The FTC complaint claims that, despite D-Link’s assertion of security measures to its customers through the Security Event Response Policy, promotional materials and GUI “security” feature, the company failed to take reasonable steps to protect its routers and IP cameras from widely known and reasonably foreseeable risks of unauthorized access, leaving thousands of consumers at risk.

In particular, the FTC alleged that D-Link failed to:

  • protect against software security flaws, such as “hard-coded” user credentials and other backdoors, and command injection flaws, which would allow remote attackers to gain control of consumers’ devices;
  • maintain the confidentiality of the private key it used to sign into its software, resulting in the exposure of the private key on a public website for approximately six months; and
  • secure users’ mobile app login credentials, and instead stored those credentials in clear readable text on users’ mobile devices.

The complaint alleges that D-Link engaged in both unfair and deceptive business practices under the FTC Act. The unfair business practice claim is based on D-Link’s failure to take reasonable steps to secure the software for its routers and IP cameras. The deceptive business practice claim is based on the various statements D-Link made in its marketing materials and Security Event Response Policy regarding the security of its products.

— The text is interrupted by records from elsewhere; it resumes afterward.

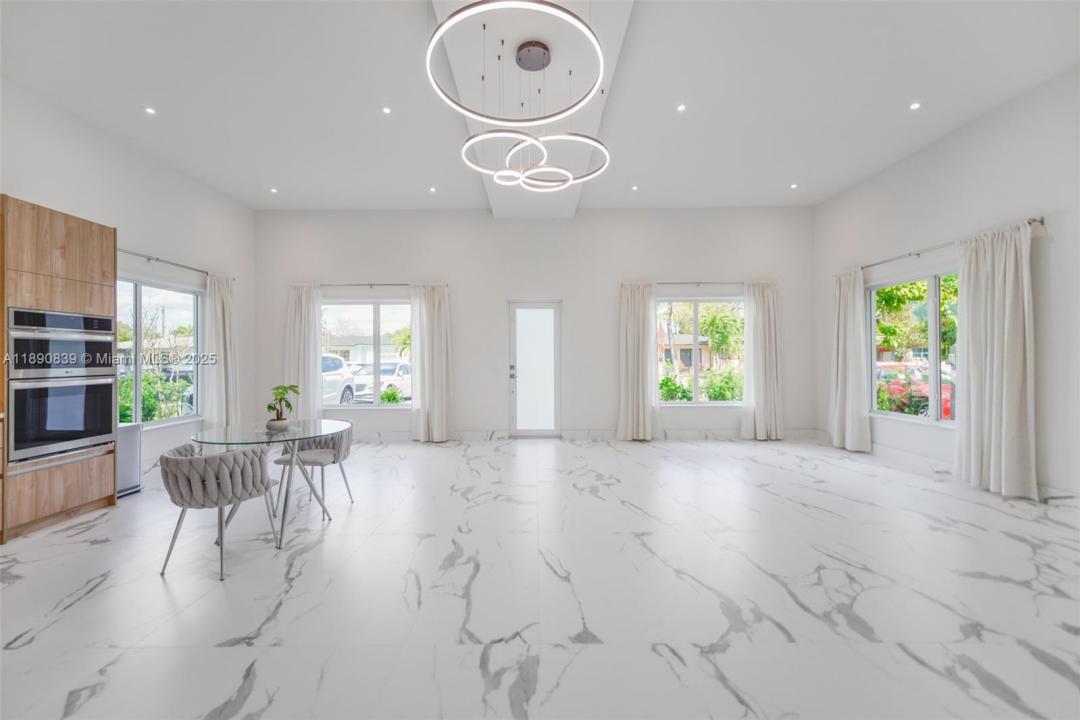 635 SW 9th St, Hallandale Beach, 佛罗里达州 33009, 美国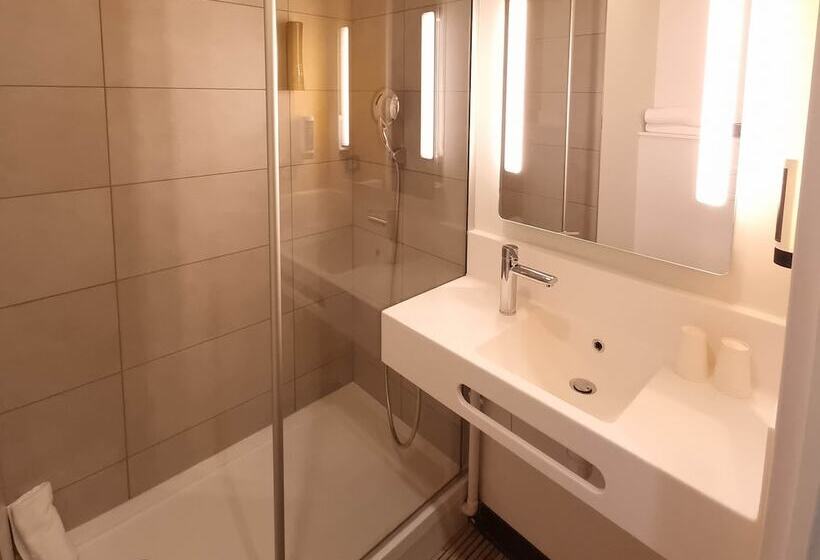 Standard-huone, B&b Hotel Nice Stade Riviera 3 étoiles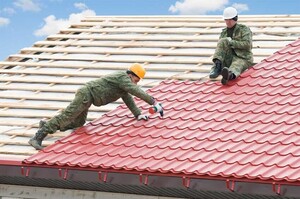 На Львівщині під час виконання ремонтних робіт чоловік впав з даху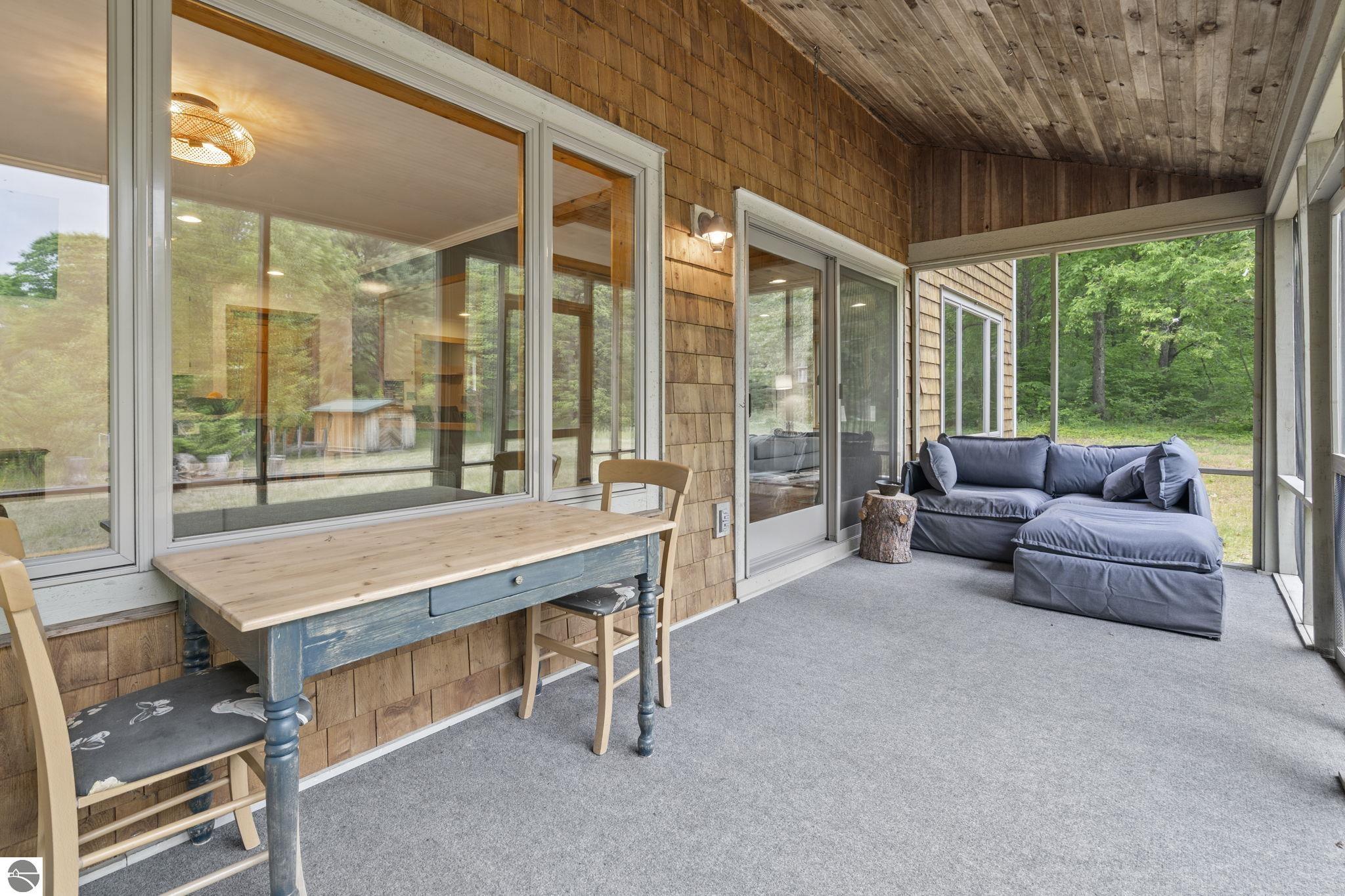 12270 Griffith Road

FTC Efforts in Relation to the Internet of Things

The complaint against D-Link demonstrates that the FTC intends to remain diligent in protecting consumer privacy in the IoT age. It is the third complaint the FTC has filed against device manufacturers for poor security measures. The first, in 2014, was against TRENDnet, a California company that sold similar networking devices, for failing “to provide reasonable security to prevent unauthorized access to sensitive information, namely live feeds from the IP cameras.” TRENDnet settled, and the FTC approved a final order in early 2014 requiring the company to establish a comprehensive information security program and to obtain third-party assessments of its security programs every two years for the following 20 years.4

In its second effort, in 2016, the FTC charged ASUSTeK, a Taiwanese hardware manufacturer that sells routers and related software and services, with failure to provide reasonable security in the design and maintenance of software it developed. ASUSTeK also settled. Similar to the agreement reached with TRENDnet, the final order required ASUSTeK to establish and maintain a comprehensive security program that would be subject to independent audits for the following 20 years.

Implications for Device Manufacturers

Following the massive attack on IoT devices in October of 2016 that temporarily disrupted legitimate internet activity, IoT device manufacturers reportedly have been redoubling their efforts to protect their products. An increased threat of FTC scrutiny over these devices will provide still greater incentives for these companies.

According to Jessica Rich, director of the FTC’s Bureau of Consumer Protection, “hackers are increasingly targeting consumer routers and IP cameras [...] When manufacturers tell consumers that their equipment is secure, it’s critical that they take the necessary steps to make sure that’s true.”5 The three suits in the past three years demonstrate that failure to do so can result in an FTC complaint.

In order to prevent accusations of insufficient security measures, companies can adopt the FTC best practices, including:

  • building security into devices at the outset, rather than as an afterthought, in the design process;
  • when a security risk is identified, considering a “defense-in-depth” strategy whereby multiple layers of security may be used to defend against a particular risk; and
  • considering measures to keep unauthorized users from accessing a consumer’s device, data or personal information stored on the network.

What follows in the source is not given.